- **What to do**:
The expected answer is the set of lines in the data below between the line holding "August - treuer" and the line holding "भोलू भाई ने", inclusive, written out exactly.

- **Extracted data**:
Segment Open

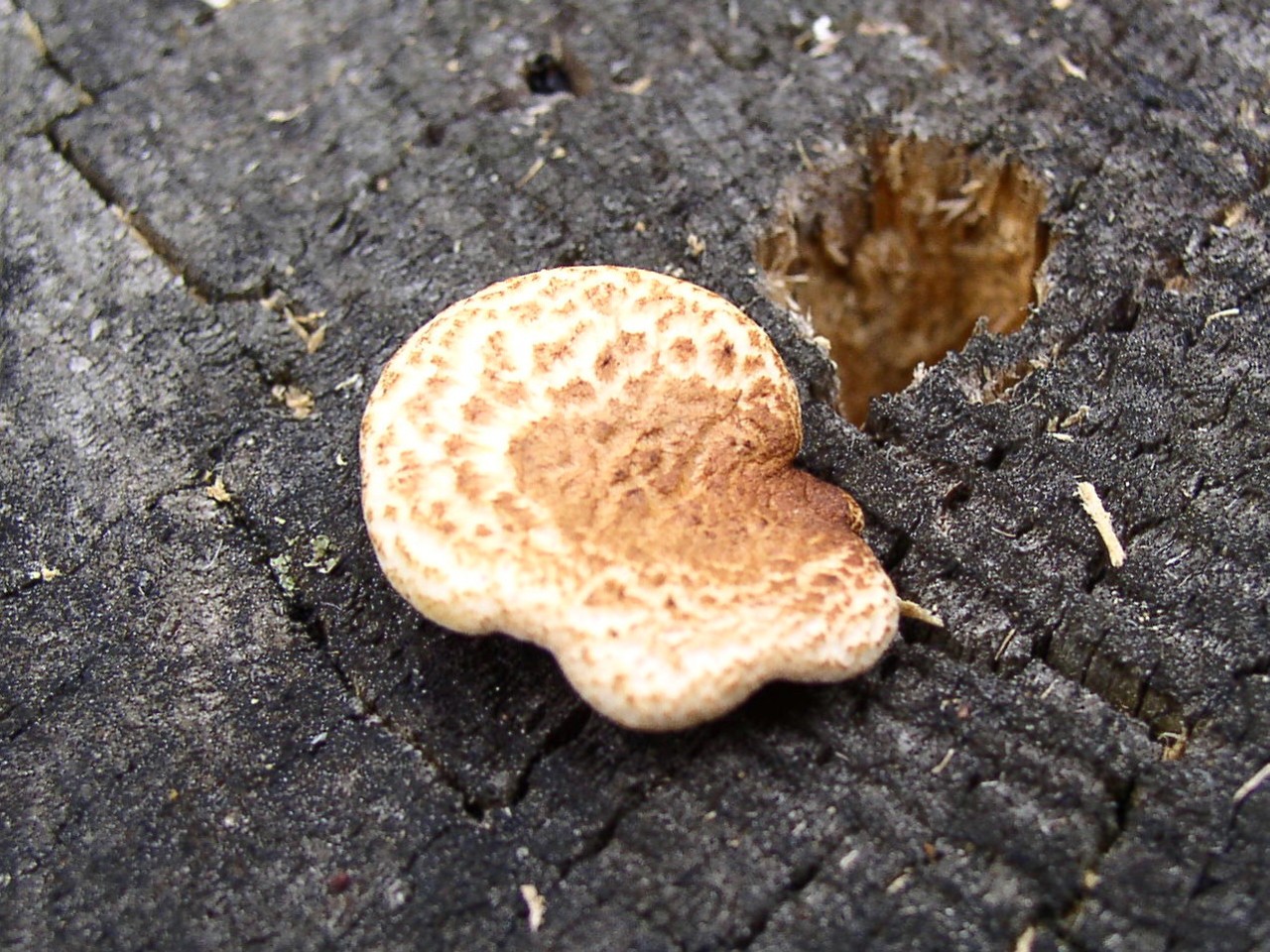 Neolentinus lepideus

Segment Closed
Segment Open

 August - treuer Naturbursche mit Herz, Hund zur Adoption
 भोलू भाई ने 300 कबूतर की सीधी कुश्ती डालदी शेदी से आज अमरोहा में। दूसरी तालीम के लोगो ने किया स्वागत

Segment Closed

- **Task output**:
 August - treuer Naturbursche mit Herz, Hund zur Adoption
 भोलू भाई ने 300 कबूतर की सीधी कुश्ती डालदी शेदी से आज अमरोहा में। दूसरी तालीम के लोगो ने किया स्वागत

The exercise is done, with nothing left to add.